Bergabungnya Bank Mandiri dengan
Bank BNI secara otomatis meningkatkan aset bank dalam negeri menjadi sedikit di
bawah US$100 miliar. Aset sebesar itu dapat memperkuat kepercayaan diri untuk
bersaing dengan bank-bank sekelas CIMB dan DBS.

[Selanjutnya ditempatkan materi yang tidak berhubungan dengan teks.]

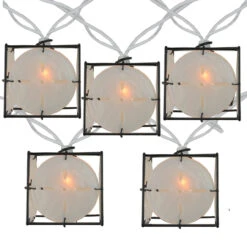 10 Pearlized White And Black Lantern Party Patio Christmas Lights - 7.5 Ft White Wire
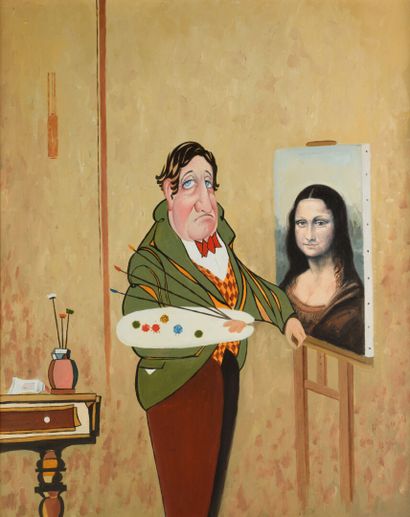null John SCHWATSCHKE 1943 "ARTISI and MODEL" HST,signed and titled on the back,...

Ketiga, mengapa Bank Mandiri dan
Bank BNI? Bila kita coba bertanya kepada orang-orang, sebutkan 1 kata yang dapat mendeskripsikan Bank
BRI, maka jawabannya adalah UKM. Satu kata untuk Bank BTN, jawabannya adalah
perumahan. Tapi 1 kata untuk Bank Mandiri dan Bank BNI pasti menghasilkan beberapa
jawaban yang akan tumpang tindih satu sama lain: korporat, konsumen, Syariah dan
kartu kredit.
Jawaban-jawaban ini menggambarkan
bahwa kompetensi Bank Mandiri dan Bank BNI saling terkait dan pembelajaran dapat
berlangsung dengan lebih cepat.
Alasan ini pula yang dapat
menurunkan tingkat risiko merger yang tak dapat disangkal cukup tinggi. Konflik
tenaga kerja, budaya korporasi, serta kegagalan menghasilkan sinergi merupakan faktor-faktor
di belakang sejarah kegagalan merger. Namun manajemen yang solid, strategi
manajemen perubahan yang terencana, serta visi yang jelas akan berkontribusi
terhadap keberhasilan merger kedua bank raksasa ini.